Uma investigação de 40 dias resultou, na tarde de quarta-feira (6), na prisão de um homem acusado de manter um delivery de drogas para clientes de classes média e alta em Peruíbe. Na casa do homem, de 33 anos e conhecido como Chapinha, policiais da Delegacia Sede de Peruíbe apreenderam mais de 1,3 quilos de entorpecentes, entre maconha, haxixe e skunk. 

Durante o período de investigações, a equipe do delegado Marcos Roberto da Silva, titular de Peruíbe, e do investigador-chefe, Adalberto Ribeiro, apurou que Chapinha fornecia os tóxicos, de alta qualidade, usando veículo próprio, um Fiat Uno preto, ou seguia como passageiro em carros de aplicativo. 

No início da tarde de quarta, os policiais Lomenzo, Pane e Roberto fizeram uma campana na próximo à casa de Chapinha, na Rua Amapá, no bairro Stella Maris, e conseguiram abordar dois usuários de droga em um outro trecho da cidade, após eles adquirirem maconha do acusado. 

Sem saber que estava sendo monitorado, Chapinha foi preso na mesma tarde quando retornava para sua residência em seu Fiat Uno. Os usuários de droga abordado pelos policiais foram relacionados como testemunhas do flagrante de tráfico e admitiram a compra de Chapinha, após negociação feita via WhatsApp. 
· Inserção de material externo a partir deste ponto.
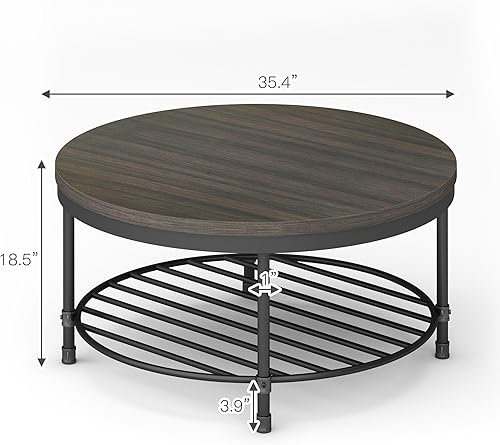 Miniatura 44 de Mesa de centro redonda de 36 pulgadas, superficie superior de madera rústica y patas de metal resistentes, mesa industrial para sala de estar, Nogal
Informalmente, de acordo com policiais civis, o homem disse que “seu público-alvo é a alta sociedade de Peruíbe”. Já no interrogatório, formal, na presença de advogado, o acusado disse que era vendedor ambulante, que estava sem renda devido à quarentena, e por isso decidiu comprar entorpecente para revenda, objetivando o sustento da família.